◆ EXCERPTED DATA ◆
==*==

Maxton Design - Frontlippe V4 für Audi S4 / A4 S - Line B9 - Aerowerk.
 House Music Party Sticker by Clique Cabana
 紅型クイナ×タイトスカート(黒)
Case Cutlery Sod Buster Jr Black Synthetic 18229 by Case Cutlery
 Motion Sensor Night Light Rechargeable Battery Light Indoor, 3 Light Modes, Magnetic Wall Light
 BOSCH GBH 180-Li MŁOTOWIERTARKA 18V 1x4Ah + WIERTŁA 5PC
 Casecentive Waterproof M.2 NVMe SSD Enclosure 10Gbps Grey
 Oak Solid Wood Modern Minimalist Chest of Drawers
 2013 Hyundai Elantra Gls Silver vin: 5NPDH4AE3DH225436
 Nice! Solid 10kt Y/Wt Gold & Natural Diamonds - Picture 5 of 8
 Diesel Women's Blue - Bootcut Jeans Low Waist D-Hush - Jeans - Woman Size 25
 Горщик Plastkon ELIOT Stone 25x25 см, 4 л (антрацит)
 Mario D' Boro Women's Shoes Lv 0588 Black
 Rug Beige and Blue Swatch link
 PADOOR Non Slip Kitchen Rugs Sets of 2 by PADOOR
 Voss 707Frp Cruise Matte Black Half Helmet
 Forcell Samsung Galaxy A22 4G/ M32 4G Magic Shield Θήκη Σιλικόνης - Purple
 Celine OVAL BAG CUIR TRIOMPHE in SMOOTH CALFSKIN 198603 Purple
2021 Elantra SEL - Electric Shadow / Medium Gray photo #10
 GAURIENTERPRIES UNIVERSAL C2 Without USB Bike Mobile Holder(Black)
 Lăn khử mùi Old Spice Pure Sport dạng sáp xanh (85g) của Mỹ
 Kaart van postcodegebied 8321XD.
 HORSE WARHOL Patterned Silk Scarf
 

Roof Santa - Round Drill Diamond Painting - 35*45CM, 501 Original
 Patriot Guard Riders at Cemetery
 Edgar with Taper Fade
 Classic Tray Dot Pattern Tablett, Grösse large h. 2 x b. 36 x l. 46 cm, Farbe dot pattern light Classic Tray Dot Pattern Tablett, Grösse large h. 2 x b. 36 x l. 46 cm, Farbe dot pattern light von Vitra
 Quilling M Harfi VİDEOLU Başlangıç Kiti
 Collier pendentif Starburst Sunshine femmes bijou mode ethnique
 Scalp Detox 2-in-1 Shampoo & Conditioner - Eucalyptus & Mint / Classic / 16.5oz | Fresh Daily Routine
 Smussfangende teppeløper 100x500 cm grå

==*==

◆ WHAT IS REQUIRED ◆
Give the listing once more, unchanged in every line.

◆ RESULT ◆
Maxton Design - Frontlippe V4 für Audi S4 / A4 S - Line B9 - Aerowerk.
 House Music Party Sticker by Clique Cabana
 紅型クイナ×タイトスカート(黒)
Case Cutlery Sod Buster Jr Black Synthetic 18229 by Case Cutlery
 Motion Sensor Night Light Rechargeable Battery Light Indoor, 3 Light Modes, Magnetic Wall Light
 BOSCH GBH 180-Li MŁOTOWIERTARKA 18V 1x4Ah + WIERTŁA 5PC
 Casecentive Waterproof M.2 NVMe SSD Enclosure 10Gbps Grey
 Oak Solid Wood Modern Minimalist Chest of Drawers
 2013 Hyundai Elantra Gls Silver vin: 5NPDH4AE3DH225436
 Nice! Solid 10kt Y/Wt Gold & Natural Diamonds - Picture 5 of 8
 Diesel Women's Blue - Bootcut Jeans Low Waist D-Hush - Jeans - Woman Size 25
 Горщик Plastkon ELIOT Stone 25x25 см, 4 л (антрацит)
 Mario D' Boro Women's Shoes Lv 0588 Black
 Rug Beige and Blue Swatch link
 PADOOR Non Slip Kitchen Rugs Sets of 2 by PADOOR
 Voss 707Frp Cruise Matte Black Half Helmet
 Forcell Samsung Galaxy A22 4G/ M32 4G Magic Shield Θήκη Σιλικόνης - Purple
 Celine OVAL BAG CUIR TRIOMPHE in SMOOTH CALFSKIN 198603 Purple
2021 Elantra SEL - Electric Shadow / Medium Gray photo #10
 GAURIENTERPRIES UNIVERSAL C2 Without USB Bike Mobile Holder(Black)
 Lăn khử mùi Old Spice Pure Sport dạng sáp xanh (85g) của Mỹ
 Kaart van postcodegebied 8321XD.
 HORSE WARHOL Patterned Silk Scarf
 

Roof Santa - Round Drill Diamond Painting - 35*45CM, 501 Original
 Patriot Guard Riders at Cemetery
 Edgar with Taper Fade
 Classic Tray Dot Pattern Tablett, Grösse large h. 2 x b. 36 x l. 46 cm, Farbe dot pattern light Classic Tray Dot Pattern Tablett, Grösse large h. 2 x b. 36 x l. 46 cm, Farbe dot pattern light von Vitra
 Quilling M Harfi VİDEOLU Başlangıç Kiti
 Collier pendentif Starburst Sunshine femmes bijou mode ethnique
 Scalp Detox 2-in-1 Shampoo & Conditioner - Eucalyptus & Mint / Classic / 16.5oz | Fresh Daily Routine
 Smussfangende teppeløper 100x500 cm grå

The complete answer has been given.